For the record, it is not unprecedented for a Vice President to appear before a grand jury: Dick Cheney was interviewed by Pat Fitzgerald in what was treated as a grand jury appearance (though it was in Jackson Hole); he did so while he was still VP.
In that November piece, Maggie and Mike allowed Pence to make bullshit claims about profound separation-of-powers issues, even though they noted Pence already wrote it up.
However, in interviews for the release of his new book, “So Help Me God,” Mr. Pence has been more emphatic in his opposition to providing testimony to the House committee, asserting that “Congress has no right to my testimony” about what he witnessed.
“There’s profound separation-of-powers issues,” Mr. Pence told The New York Times in an interview. “And it would be a terrible precedent.”
Mr. Pence has written in detail in his book about Mr. Trump’s efforts to stay in power and the pressure campaign he imposed on his vice president beginning in December 2020.
Maggie continues the hype in her story about the subpoena, with Glenn Thrush, from yesterday, claiming the mere act of asking a witness to repeat for a grand jury claims he already made in print is an aggressive act.
The move by the Justice Department sets up a likely clash over executive privilege, which Mr. Trump has previously used to try to slow, delay and block testimony from former administration officials in various investigations into his conduct.
The existence of the subpoena was reported earlier by ABC News.
It was not immediately clear when the special counsel, Jack Smith, sought Mr. Pence’s testimony. The move is among the most aggressive yet by Mr. Smith in his wide-ranging investigation into Mr. Trump’s role in seeking to overturn the outcome of the 2020 election. He is also overseeing a parallel inquiry into Mr.

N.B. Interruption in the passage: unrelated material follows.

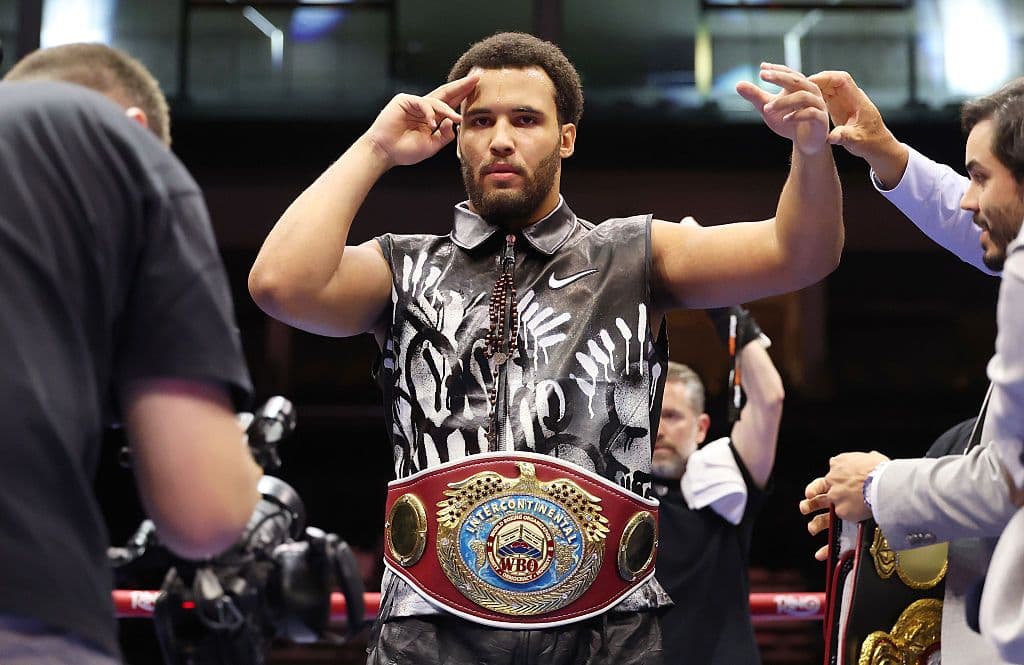 Moses Itauma 'Would Love' Oleksandr Usyk Fight, Says Team Have Other Ideas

Trump’s handling of classified documents.
It’s not until the 16th paragraph before Maggie reveals that Pence wrote all this up in his book — which is nine paragraphs after NYT reveals that talks about voluntary testimony broke down.
Mr. Pence’s team held discussions with the Justice Department about a voluntary interview, according to the person familiar with the matter, but those talks were at an impasse, leading Mr. Smith to seek the subpoena.
Mr. Pence described some of his ordeal in his recently published book, “So Help Me God.”
When a politician resists saying under oath what he has said in a book, you start the story with that fact. And if a politician has already said something in print, then stop pretending it’s really aggressive to expect him to say that to a grand jury.
This story should be about why Mike Pence is resisting repeating, under oath, claims he made as part of a presidential run.